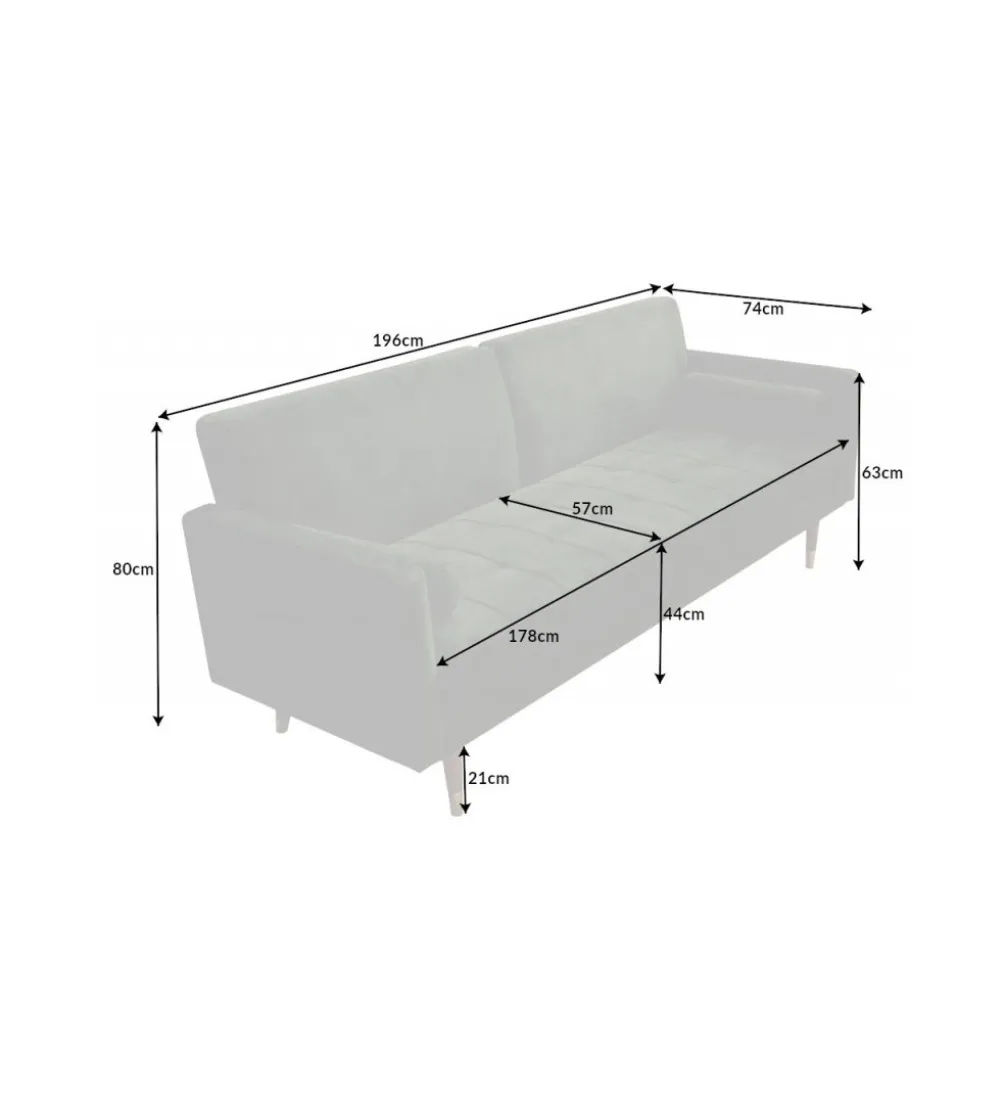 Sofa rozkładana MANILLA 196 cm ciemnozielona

==

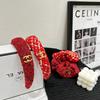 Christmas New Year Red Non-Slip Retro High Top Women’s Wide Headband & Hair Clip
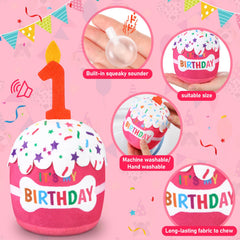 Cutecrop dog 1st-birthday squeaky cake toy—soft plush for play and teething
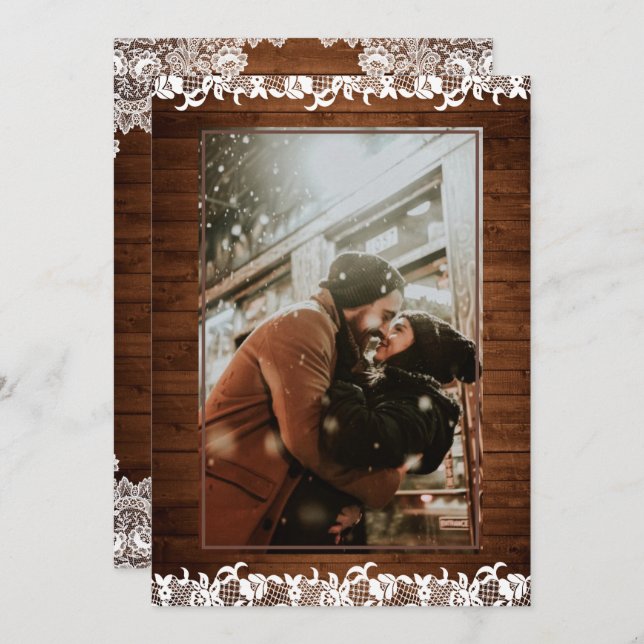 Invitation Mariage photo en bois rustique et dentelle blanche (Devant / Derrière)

YOUR ASSIGNMENT: What you write out is the stretch of entries from the line containing "Christmas New Year" to the line containing "Invitation Mariage photo", word for word, with both end lines and no pictures.

EXERCISE SOLUTION:
 Christmas New Year Red Non-Slip Retro High Top Women’s Wide Headband & Hair Clip
 Cutecrop dog 1st-birthday squeaky cake toy—soft plush for play and teething
 Invitation Mariage photo en bois rustique et dentelle blanche (Devant / Derrière)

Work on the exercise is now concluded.